In real life, voters have ordinal preferences on several thousand possible issues, but to make this easier for Cole, I’ll lower the bar. Let’s do a quick test.
Can voters choose a pack of beer? There are three voters, and they will have to choose between two kinds of beer.
Voter One: Cole. He likes good beer, and his preferences are just an ordinal scale of quality; he would buy a pack of good beer before a medium-quality beer, and a medium-quality beer to Four Loko. His preferences are transitive.
Voter Two: Some hipster. He hates Coors because normal people drink it. He likes craft beer, the best stuff that few drink, but he really likes drinking Four Loko because it tastes like garbage. Sooooo IRONIC.
Voter Three: Hank Hill. He drinks Coors. He will not drink some sissy by under any circumstance. He’d even drink Four Loko before that.
Now imagine the three walked into a store, and they had to vote on which beer to buy. This is a simple store, much simpler than real life, so it should be easier for them to express their preferences. There are only two packs of beer: one twelver of Imperial (I don’t think it actually comes in packs), and a bunch of Four Loko. Cole votes for Imperial, the hipster and Hank vote to get Loked. Garbage carries the day. Democracy has spoken!
But what if they had to choose between Four Loko and Coors? Cole would vote for Coors, as would Hank. The hipster votes for the garbage drink, but has to drink Coors anyway. Democracy spoke again?
Or, what if it were Imperial v. Coors? Cole and the hipster would vote for Imperial, while Hank would go for Coors. Democracy chose all three, now?
Sure, there was a victor in each cycle, but these elections didn’t express anyone’s preferences. And as elections become more complex, and begin to resemble our actual elections, these problems get worse. Kenneth Arrow actually won a Nobel for doing the math to prove this.
But even if elections were able to express voters’ preferences, there is still the problem of the majority not ruling. There has never been a presidential election where the majority of Americans chose to elect a candidate. The closest we’ve ever come is 23%.
It’s hard to take Cole’s idea that voters can revoke the rights of others when elections fail to meet these basic criteria.
But this is the smallest problem with Cole’s proposal. The more serious false premises (natural rights, what consent means, exit) will be addressed later.
EDIT: And now for a proper conclusion.
Although I assumed the conclusion would be clear from the introduction and discussion of Arrow’s Impossibility Theorem, I’ll be more explicit.
Cole is a proponent of a modified “consent of the governed” theory.

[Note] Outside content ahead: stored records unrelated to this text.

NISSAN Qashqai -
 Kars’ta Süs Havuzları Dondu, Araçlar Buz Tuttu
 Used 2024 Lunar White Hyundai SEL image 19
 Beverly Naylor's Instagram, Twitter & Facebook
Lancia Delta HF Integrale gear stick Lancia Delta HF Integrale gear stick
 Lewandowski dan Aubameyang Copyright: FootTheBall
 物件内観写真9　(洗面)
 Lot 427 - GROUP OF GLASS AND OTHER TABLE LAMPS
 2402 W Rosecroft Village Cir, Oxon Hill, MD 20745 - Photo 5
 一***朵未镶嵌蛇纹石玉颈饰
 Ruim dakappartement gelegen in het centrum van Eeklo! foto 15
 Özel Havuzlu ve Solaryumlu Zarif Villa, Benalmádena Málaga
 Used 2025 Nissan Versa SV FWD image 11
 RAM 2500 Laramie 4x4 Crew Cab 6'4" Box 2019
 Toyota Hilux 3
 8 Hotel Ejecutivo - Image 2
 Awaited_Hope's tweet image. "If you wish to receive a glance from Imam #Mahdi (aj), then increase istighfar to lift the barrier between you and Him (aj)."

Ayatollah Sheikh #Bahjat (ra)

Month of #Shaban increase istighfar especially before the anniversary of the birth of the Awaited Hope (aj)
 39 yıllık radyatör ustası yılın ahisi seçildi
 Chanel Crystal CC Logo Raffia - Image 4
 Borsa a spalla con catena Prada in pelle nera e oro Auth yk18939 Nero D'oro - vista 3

He believes that elections allow me to express my preferences and I am bound to the results by having the opportunity to do so. But why? Say the ballots were thrown into a swimming pool and one ballot chosen at random, and the results were based entirely on it. Would I still be bound to the results of the election under his theory? I had a vote, after all!
Of course not. His point isn’t simply that elections are binding because ballots were submitted. At least, I hope not. Cole believes that elections transmit the preferences of voters, and the majority agree on a particular policy or a politician to vote in proxy. But this premise is demonstrably wrong. Quite often, the preferences of citizens are not transmitted through elections whatsoever. Nor is there majority rule, nor even plurality rule. That is, even by Cole’s tortured standard, no consent has been given.
Most people realize this, which is why they have enough sense to stay home on election day. If you’re looking for actual consent, you might find it in this majority decision.